■ Instructions for the task
Output nothing except the lines from the one containing "this 1110×625 image." through the final line of the data, both included, typed exactly, minus the pictures.

■ Saved entries
------------------------------
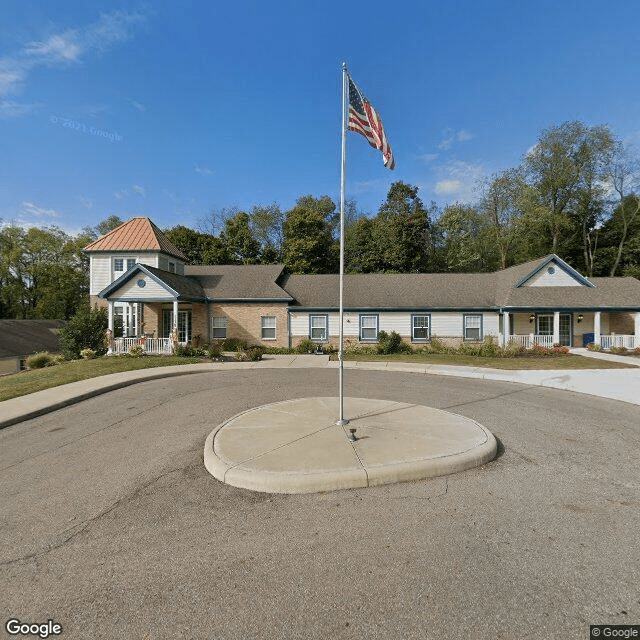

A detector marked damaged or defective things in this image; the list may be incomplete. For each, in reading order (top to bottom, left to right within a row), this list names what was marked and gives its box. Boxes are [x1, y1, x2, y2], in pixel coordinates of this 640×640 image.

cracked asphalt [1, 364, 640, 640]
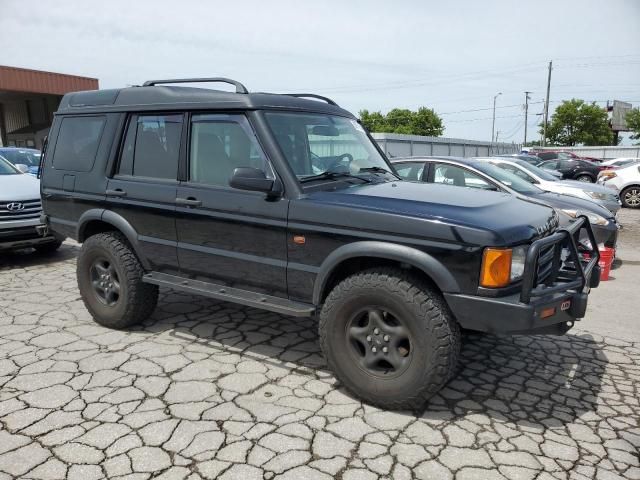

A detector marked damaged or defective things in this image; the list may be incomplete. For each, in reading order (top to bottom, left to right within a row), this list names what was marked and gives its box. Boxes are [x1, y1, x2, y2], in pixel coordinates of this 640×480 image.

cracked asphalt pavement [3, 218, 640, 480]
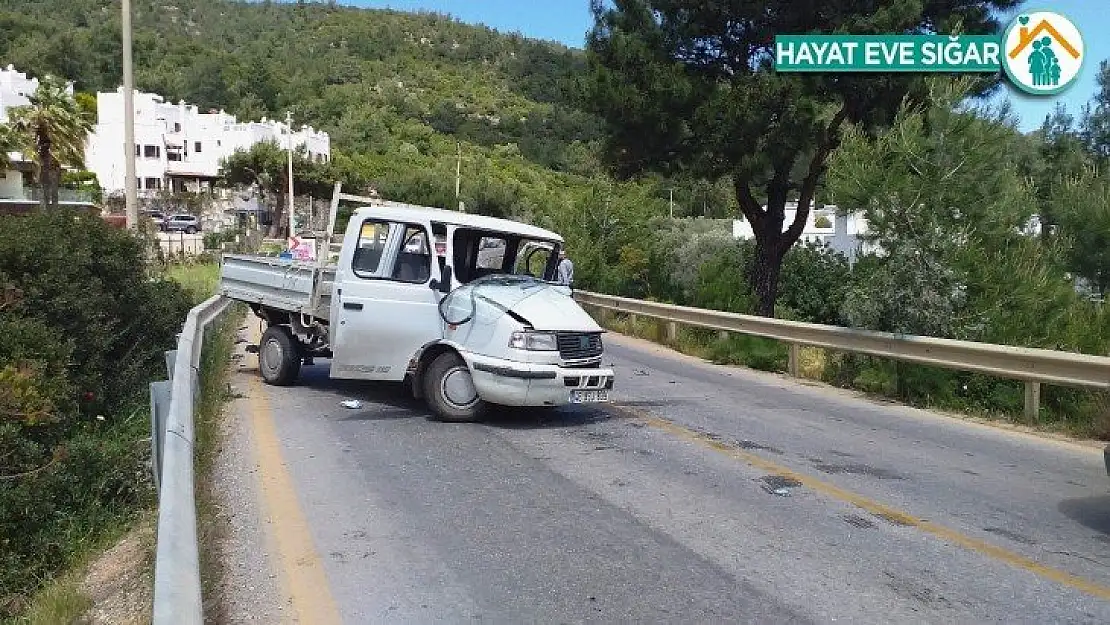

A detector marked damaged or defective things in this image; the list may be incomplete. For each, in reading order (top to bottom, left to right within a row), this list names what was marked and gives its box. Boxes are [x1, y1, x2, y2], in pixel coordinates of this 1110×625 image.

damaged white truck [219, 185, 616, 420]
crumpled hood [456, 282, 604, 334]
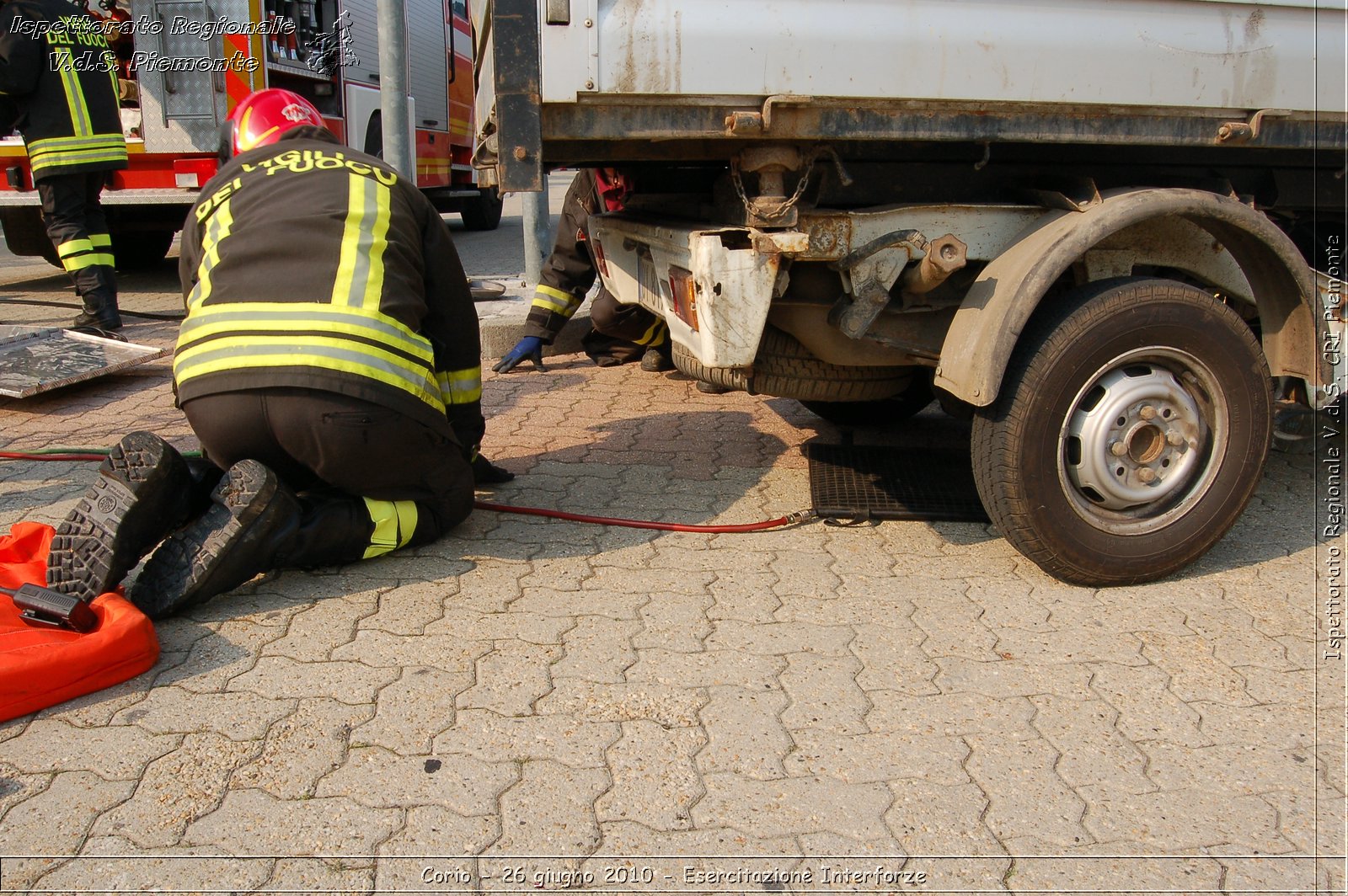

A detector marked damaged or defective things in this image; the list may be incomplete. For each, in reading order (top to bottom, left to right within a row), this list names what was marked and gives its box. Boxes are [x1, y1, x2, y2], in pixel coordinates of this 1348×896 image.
------------------------------
■ The answer
A detector marked damaged or defective things in this image; the list may be incomplete. For each, in reading order (top to bottom, left to right within a row), this list names what was marked and gives its box. Boxes are [x1, y1, x2, y2], in pixel coordinates of this 1110×625 image.

damaged white truck [219, 185, 616, 420]
crumpled hood [456, 282, 604, 334]

A detector marked damaged or defective things in this image; the list may be incomplete. For each, in reading order (top to bottom, left to right within a row), this list names what was marked and gives its box. Boxes are [x1, y1, x2, y2], in pixel coordinates of this 1348×896 image.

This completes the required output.